Have you seen the new movie with the Dachshund?
Apparently it’s an Oscar Weiner.
I asked my dog why he was having a bad day.
But all he said was “ruff”.
What do you call a veterinarian that specializes in canines?
A dogtor.
What breed of dog always gets cold?
A Bichon Freeze.
What do a dog and a cell phone have in common?
They both have collar ID.
What does a dog get when she finishes obedience school?
Her pet-degree.
What does a dog love to eat while watching a movie?
Pupcorn.
Why did the dog walk in to the saloon?
He was looking for the man who shot his paw
Why was the dog chasing his own tail?
Because he was trying to make both ends meet.
Why did the Dalmatian have to go to the eye doctor?
He kept seeing spots.
That dog is so beautiful. She should be on the cover of Vanity Fur.
My dog got a promotion.
She’s now a branch manager.
How do you keep a dog from smelling?
You hold its nose.
Why did the dog cross the road twice?
He was trying to fetch a boomerang
What happens when you buy a dog from the blacksmith?
When he gets home he’ll make a bolt for the door.
Dog to Waiter: Are there any bones in this?
Waiter to Dog: Yes sir, why’s that?
Dog to Waiter: Because I really dig them!
What type of dog can use a phone?
A dial-matian.
What do you call a dog that’s been left outside in the cold?
A chili dog.
What makes more noise than a dog barking outside your window?
Two dogs barking outside your window.
Why was the dog such a good storyteller?
Because he knew how to paws for dramatic effect.

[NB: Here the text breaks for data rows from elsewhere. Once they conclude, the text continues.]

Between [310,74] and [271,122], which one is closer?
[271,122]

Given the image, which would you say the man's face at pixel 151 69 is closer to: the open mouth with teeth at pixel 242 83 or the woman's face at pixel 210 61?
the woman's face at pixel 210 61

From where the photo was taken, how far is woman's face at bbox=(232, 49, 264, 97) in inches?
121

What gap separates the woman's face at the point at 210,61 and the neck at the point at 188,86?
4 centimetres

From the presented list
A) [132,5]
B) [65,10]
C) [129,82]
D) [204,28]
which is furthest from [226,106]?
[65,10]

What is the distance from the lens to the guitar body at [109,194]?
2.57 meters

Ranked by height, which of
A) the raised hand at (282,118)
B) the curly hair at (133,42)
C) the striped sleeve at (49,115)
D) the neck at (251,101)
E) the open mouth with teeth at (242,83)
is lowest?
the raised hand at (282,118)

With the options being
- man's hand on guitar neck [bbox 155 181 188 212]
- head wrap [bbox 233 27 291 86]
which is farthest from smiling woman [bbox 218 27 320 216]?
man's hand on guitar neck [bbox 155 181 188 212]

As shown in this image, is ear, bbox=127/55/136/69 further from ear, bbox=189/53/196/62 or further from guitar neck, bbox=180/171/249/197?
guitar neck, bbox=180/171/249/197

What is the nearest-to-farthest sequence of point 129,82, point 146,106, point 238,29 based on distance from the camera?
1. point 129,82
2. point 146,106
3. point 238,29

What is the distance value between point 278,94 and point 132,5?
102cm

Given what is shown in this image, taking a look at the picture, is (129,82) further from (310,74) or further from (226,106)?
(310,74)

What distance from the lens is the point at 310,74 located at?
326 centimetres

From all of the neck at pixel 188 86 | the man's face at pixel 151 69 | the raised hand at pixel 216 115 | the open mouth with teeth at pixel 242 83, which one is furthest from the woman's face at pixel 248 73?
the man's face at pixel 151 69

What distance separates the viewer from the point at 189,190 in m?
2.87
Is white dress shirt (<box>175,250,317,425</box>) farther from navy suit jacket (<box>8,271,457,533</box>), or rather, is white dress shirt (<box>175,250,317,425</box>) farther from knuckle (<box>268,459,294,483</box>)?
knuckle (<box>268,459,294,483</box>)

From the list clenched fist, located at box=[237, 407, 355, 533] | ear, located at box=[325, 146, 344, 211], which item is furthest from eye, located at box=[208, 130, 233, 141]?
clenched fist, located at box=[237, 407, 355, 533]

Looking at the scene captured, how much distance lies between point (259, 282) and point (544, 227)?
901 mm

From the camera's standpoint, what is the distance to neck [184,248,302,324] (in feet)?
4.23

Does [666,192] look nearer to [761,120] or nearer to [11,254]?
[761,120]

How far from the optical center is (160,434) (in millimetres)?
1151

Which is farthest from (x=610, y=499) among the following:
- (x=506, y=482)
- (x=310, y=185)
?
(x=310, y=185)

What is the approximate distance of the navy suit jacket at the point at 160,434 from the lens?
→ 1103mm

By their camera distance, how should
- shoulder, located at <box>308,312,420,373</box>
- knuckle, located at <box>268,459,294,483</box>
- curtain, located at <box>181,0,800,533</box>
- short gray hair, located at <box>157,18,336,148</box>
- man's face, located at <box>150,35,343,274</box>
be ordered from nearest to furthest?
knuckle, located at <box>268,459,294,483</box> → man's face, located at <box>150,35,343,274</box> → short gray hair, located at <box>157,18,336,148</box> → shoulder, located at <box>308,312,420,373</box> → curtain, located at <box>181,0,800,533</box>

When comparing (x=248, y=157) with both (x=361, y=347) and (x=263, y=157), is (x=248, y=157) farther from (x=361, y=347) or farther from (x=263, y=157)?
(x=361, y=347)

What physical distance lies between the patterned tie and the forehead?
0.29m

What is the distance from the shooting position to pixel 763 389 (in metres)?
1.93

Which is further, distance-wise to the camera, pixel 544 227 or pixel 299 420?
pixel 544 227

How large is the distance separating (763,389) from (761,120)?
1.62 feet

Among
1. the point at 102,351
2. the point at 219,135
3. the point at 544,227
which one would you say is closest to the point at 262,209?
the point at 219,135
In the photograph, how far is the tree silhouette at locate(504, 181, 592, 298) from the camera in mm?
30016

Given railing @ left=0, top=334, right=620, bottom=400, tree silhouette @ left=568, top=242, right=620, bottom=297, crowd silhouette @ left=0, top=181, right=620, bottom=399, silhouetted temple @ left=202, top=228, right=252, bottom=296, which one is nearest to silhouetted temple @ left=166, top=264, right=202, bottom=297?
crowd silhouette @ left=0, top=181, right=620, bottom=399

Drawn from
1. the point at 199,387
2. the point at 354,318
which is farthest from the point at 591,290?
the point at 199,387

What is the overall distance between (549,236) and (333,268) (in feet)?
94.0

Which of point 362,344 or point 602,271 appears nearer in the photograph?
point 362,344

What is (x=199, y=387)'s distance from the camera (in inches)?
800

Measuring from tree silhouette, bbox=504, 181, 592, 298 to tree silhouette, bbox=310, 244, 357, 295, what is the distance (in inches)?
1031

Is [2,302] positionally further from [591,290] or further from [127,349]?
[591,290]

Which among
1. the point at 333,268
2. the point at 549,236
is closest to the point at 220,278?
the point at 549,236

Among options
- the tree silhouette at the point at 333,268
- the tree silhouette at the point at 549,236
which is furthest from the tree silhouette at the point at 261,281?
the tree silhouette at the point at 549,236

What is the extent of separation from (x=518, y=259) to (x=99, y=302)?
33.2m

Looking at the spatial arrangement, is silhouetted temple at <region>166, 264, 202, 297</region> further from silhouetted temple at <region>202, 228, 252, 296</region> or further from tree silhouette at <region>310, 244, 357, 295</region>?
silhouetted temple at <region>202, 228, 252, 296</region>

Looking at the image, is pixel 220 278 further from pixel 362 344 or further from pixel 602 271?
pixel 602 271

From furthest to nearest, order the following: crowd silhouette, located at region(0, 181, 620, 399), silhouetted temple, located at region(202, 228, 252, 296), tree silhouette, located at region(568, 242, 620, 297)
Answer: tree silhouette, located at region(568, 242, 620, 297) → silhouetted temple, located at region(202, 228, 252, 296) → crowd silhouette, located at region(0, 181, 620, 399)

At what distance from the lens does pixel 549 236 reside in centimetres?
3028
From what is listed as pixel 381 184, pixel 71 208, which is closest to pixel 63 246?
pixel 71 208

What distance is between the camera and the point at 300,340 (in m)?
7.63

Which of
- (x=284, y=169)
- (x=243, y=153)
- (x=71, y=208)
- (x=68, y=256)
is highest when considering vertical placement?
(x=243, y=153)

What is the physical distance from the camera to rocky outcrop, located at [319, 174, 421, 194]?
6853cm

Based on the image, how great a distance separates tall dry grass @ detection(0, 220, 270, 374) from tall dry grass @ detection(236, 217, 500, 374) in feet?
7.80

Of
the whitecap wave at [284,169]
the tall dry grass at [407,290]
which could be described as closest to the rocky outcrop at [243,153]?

What kind of dog sniffs out flowers?
A bud hound.
My dog has expensive taste in shoes.
So I got her some Jimmy Chews.
Why did the snowman name his dog ‘Frost’?
Because ‘Frost’ bites.
The hotel said NO DOGS ALLOWED.
I guess it was a little too paw-sh.
What did the puppy say to his mum?
I woof you.
What is a dog’s ideal job?
A barkeologist.
What happened when the dog ate a firefly?
He smiled with de-light
What do dogs and Santa have in common?
They are both seen Dachshund through the snow.
Why was the skeleton afraid of the dog?
Because dogs love bones.
What type of dog doesn’t bark?
A hush puppy.
What is an Italian’s favorite type of dog?
A ciao ciao.
What happened to the dog who ate too much garlic?
Its bark was worse than its bite.
What do you call a sad pup?
A mellon collie
How do you stop your dog from barking in your front yard?
Put him in your backyard.
What do dogs have that no other animal has?
Puppies.
Why aren’t dogs good dancers?
Because they have two left feet.
I love walking my neighbor’s dog. It’s the leashed I can do.
What happens when you cross an Australian dog and a Beatle?
Dingo Starr.
Why did the dog fail his driving test?
Because he couldn’t parallel bark.
What is the poshest breed of dog?
A Cavalier King Charles Spaniel.
When is a black dog not a black dog?
When it’s a Greyhound.
What did the clean dog say to the dirty dog?
Long time no flea.
How does a Spanish dog say Merry Christmas?
Feliz navi-dog.
Why don’t dogs bark at their feet?
It isn’t polite to talk back to your paw.
I recently got two German Shepherds. Because
I wanted some paw-dy guards.
When is the best time to paint a dog?
When they're asleep.
My dog won’t get off the PlayStation He’s been playing Fi-fur all day.
Where did the dog leave her car?
In the barking lot.
My dog never stands up for himself.
He just rolls over.
Why couldn’t the dog fit in his clothes?